File type detection is automatic — Suture selects the right driver based on file extension. No configuration needed. The 13 supported file types cover JSON, YAML, TOML, CSV, XML, Markdown, DOCX, XLSX, PPTX, PDF, OTIO, SQL, and common image formats (PNG, JPG, GIF, BMP, WebP, TIFF, ICO, AVIF). Files without a matching driver fall back to line-based merge, identical to Git's behavior.

Suture also provides an --integrity diff mode that computes Shannon entropy and structural fingerprints of file changes. The motivation is transparency — in a post-XZ-backdoor world, being able to mathematically verify that a binary artifact changed in expected ways isn't optional, it's essential.

Getting Started

Install Suture:

cargo install --git https://github.com/WyattAu/suture.git --path crates/suture-cli

As a standalone merge tool (no repo required):

suture merge-file base.json ours.json theirs.json

Auto-detects the driver by file extension. Explicit selection with --driver:

suture merge-file --driver yaml -o merged.yaml base.yaml ours.yaml theirs.yaml

As a Git merge driver (zero config after one command):

suture git driver install

This writes a merge driver script, configures Git's merge.suture section, and updates .gitattributes with 20 file patterns. Commit the generated files and every subsequent git merge on supported formats will use Suture automatically.

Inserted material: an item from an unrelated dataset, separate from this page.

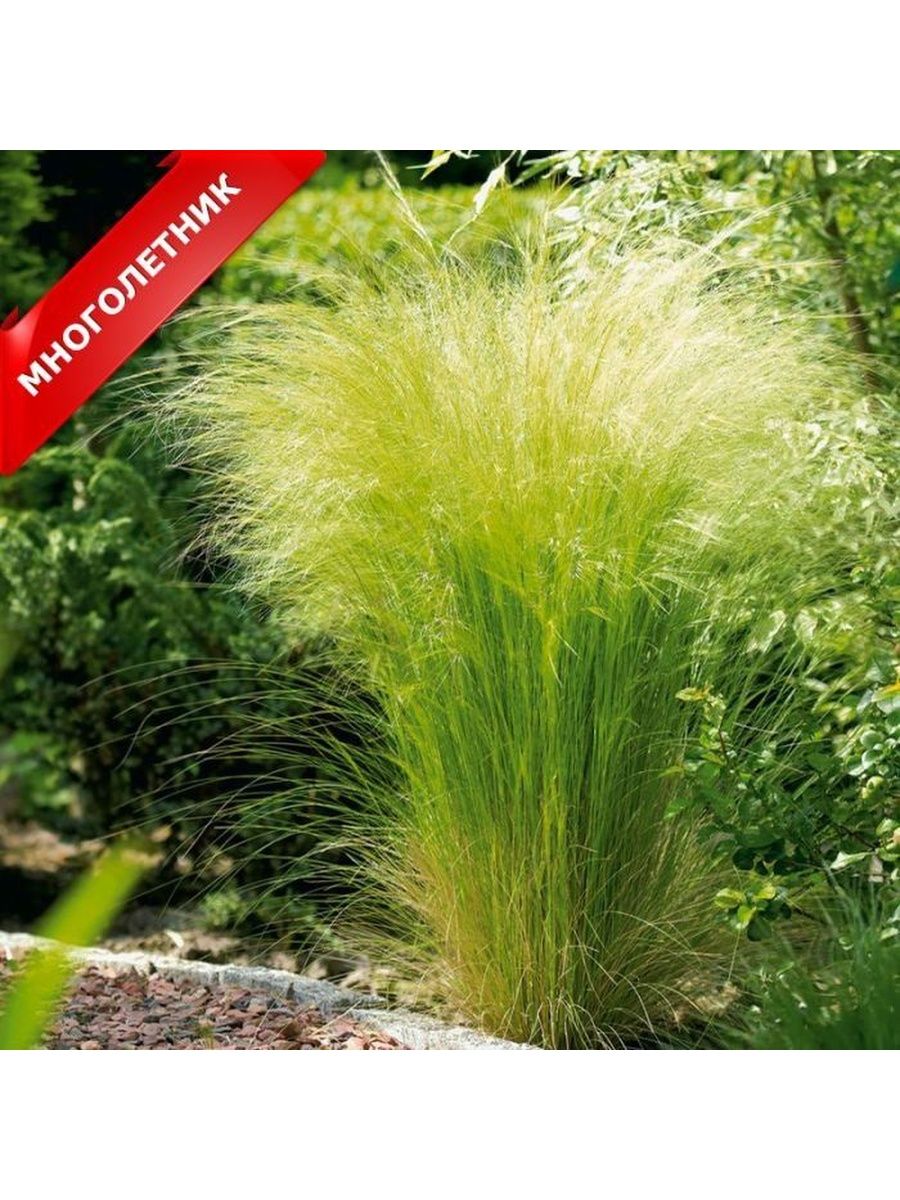 Ковыль Stipa tenuissima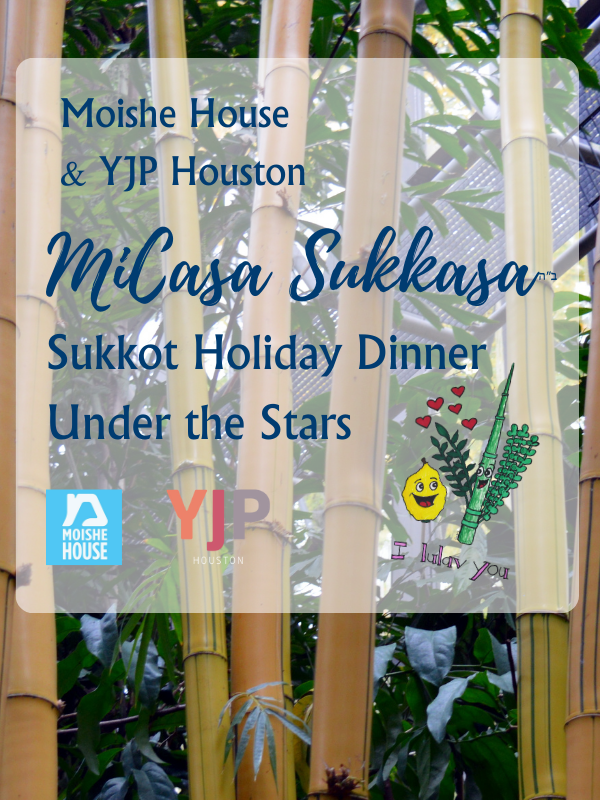 website Sukkot 5778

As a GitHub Action for CI:

name: Semantic Merge
on:
  pull_request:
    types: [opened, synchronize, reopened]
jobs:
  semantic-merge:
    runs-on: ubuntu-latest
    permissions:
      contents: write
      pull-requests: write
    steps:
      - uses: actions/checkout@v4
        with:
          fetch-depth: 0
      - uses: WyattAu/suture-action@v1
        with:
          github_token: ${{ secrets.GITHUB_TOKEN }}

Every PR with conflicts on structured files gets automatically resolved.

A Real-World Walkthrough

A team shares config.json in a Git repo. Alice updates the database URL. Bob changes the cache TTL. Both branch off main and commit independently.

Alice's branch (feature/db-url):

{
  "database": {"host": "db.prod.example.com", "port": 5432},
  "cache": {"ttl": 60, "max_size": 1000},
  "logging": {"level": "info"}
}

Bob's branch (feature/cache-ttl):

{
  "database": {"host": "localhost", "port": 5432},
  "cache": {"ttl": 300, "max_size": 1000},
  "logging": {"level": "info"}
}

With Git, merging either branch produces:


CONFLICT (content): Merge conflict in config.json
Automatic merge failed; fix conflicts and then commit the result.

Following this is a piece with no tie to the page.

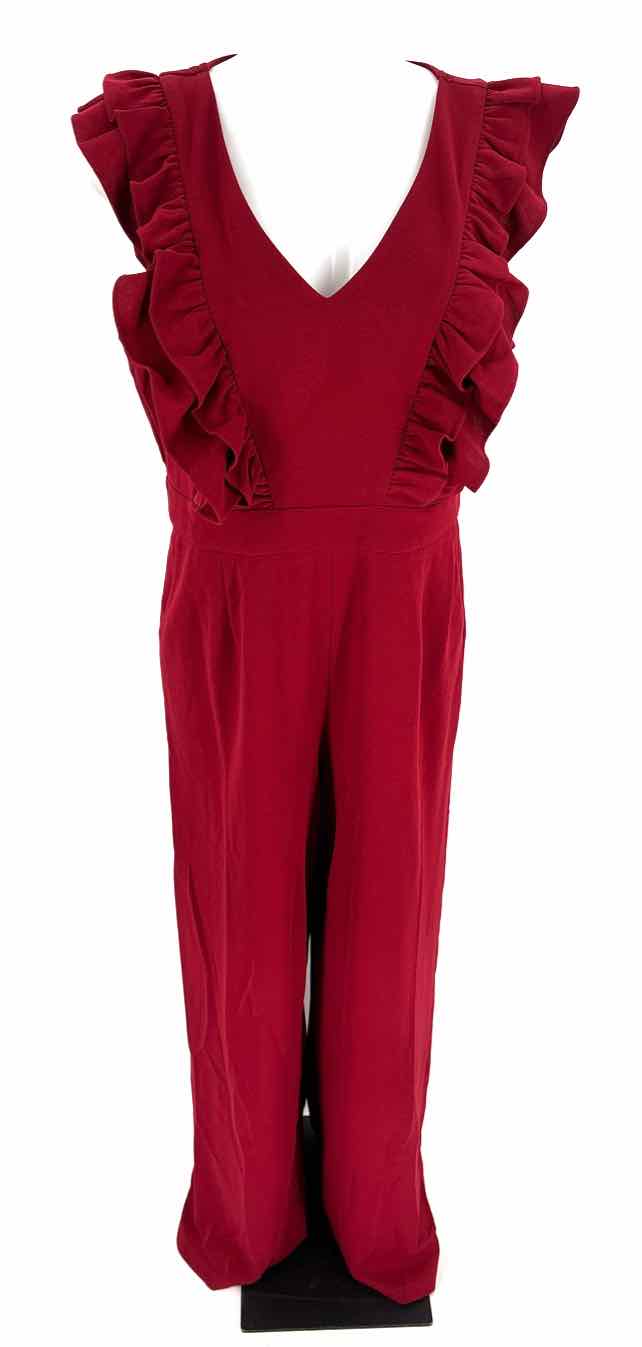 Size L NY & CO Burgundy Pants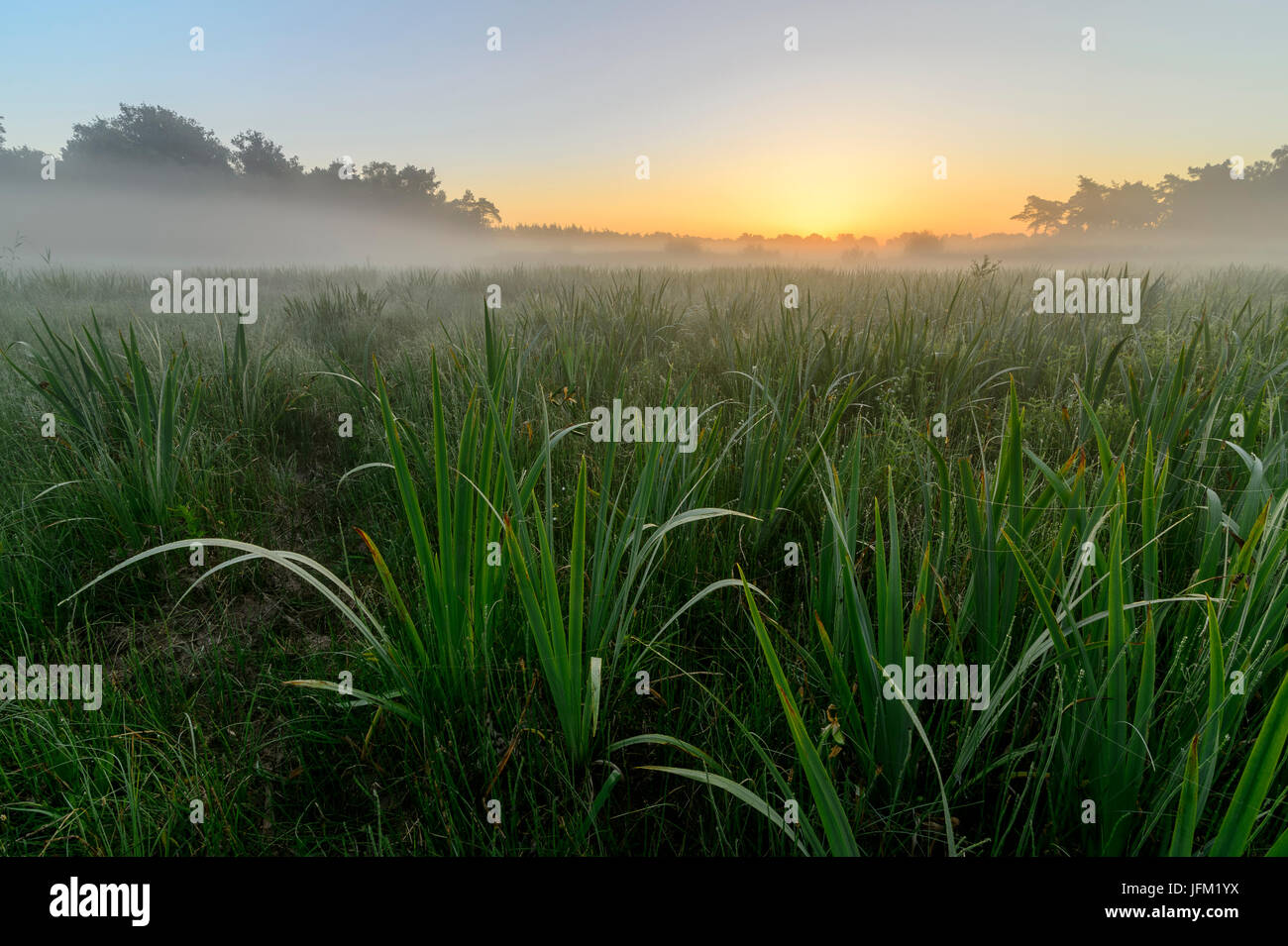 Estate alba con la nebbia in un campo con iris gialla. Klein Bylaer, Barneveld, Paesi Bassi, Europa Foto Stock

The file is left with conflict markers and broken JSON syntax. Someone has to manually edit the file, which is error-prone and doesn't scale.

With Suture (standalone):

$ suture merge-file base.json ours.json theirs.json
Merged via JSON driver (semantic merge)
Merge clean

Output:

{
  "database": {"host": "db.prod.example.com", "port": 5432},
  "cache": {"ttl": 300, "max_size": 1000},
  "logging": {"level": "info"}
}

Both changes preserved. Valid JSON. Zero manual intervention.

With Suture as a Git driver, the same result happens automatically during git merge — no extra commands needed. The driver detects config.json, parses both sides, and writes the merged result before Git even reports the merge status.

This is the core insight: most "conflicts" on structured files aren't conflicts at all. They're artifacts of a merge algorithm that doesn't understand the data it's merging. Suture fixes that.